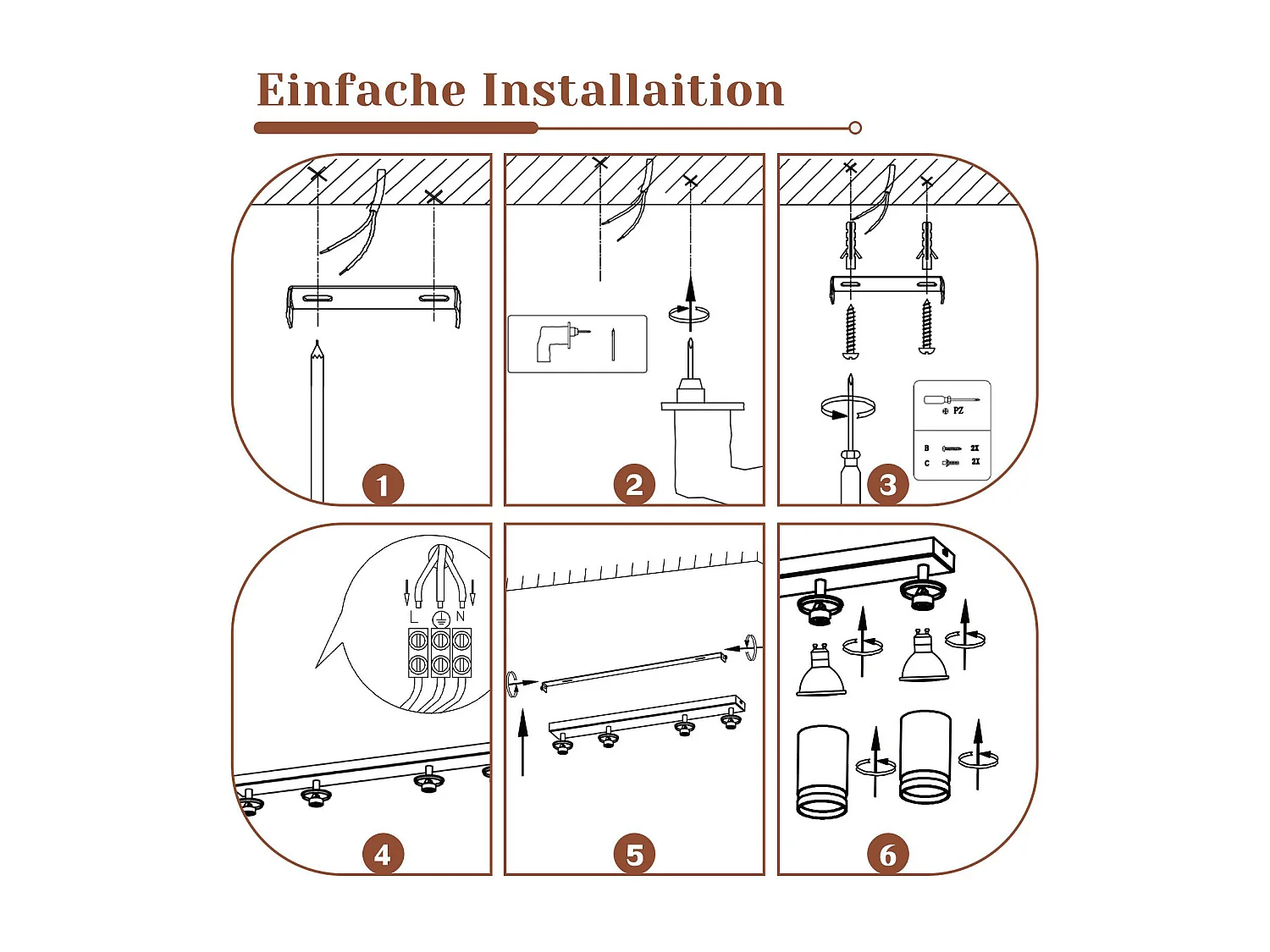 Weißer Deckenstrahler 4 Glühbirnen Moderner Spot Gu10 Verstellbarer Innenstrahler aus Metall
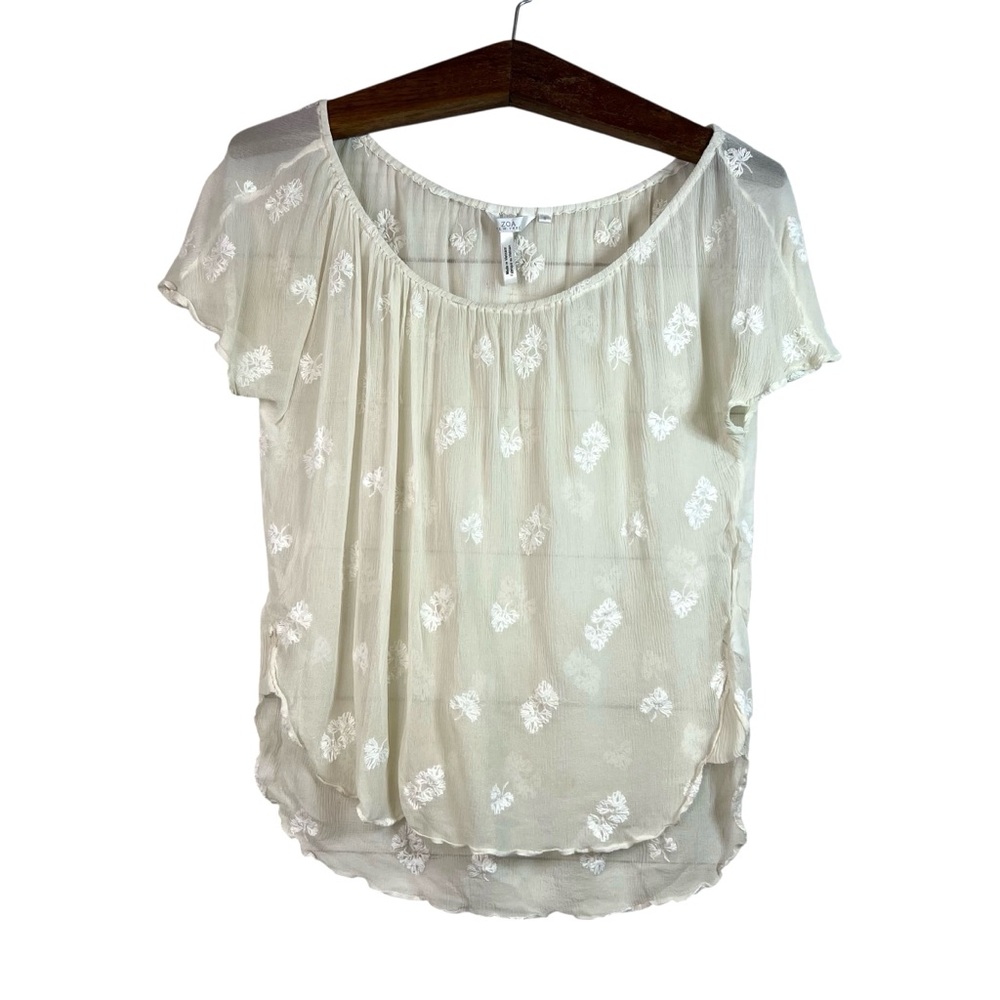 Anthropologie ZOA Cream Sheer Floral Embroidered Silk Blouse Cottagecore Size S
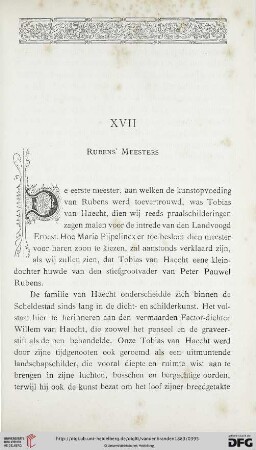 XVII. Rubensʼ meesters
+--
Assigned task → With pictures excluded, copy exactly the lines from the line containing "Anthropologie ZOA Cream" through the last line of the listing above, both ends included.

Output for this exercise →
 Anthropologie ZOA Cream Sheer Floral Embroidered Silk Blouse Cottagecore Size S
 XVII. Rubensʼ meesters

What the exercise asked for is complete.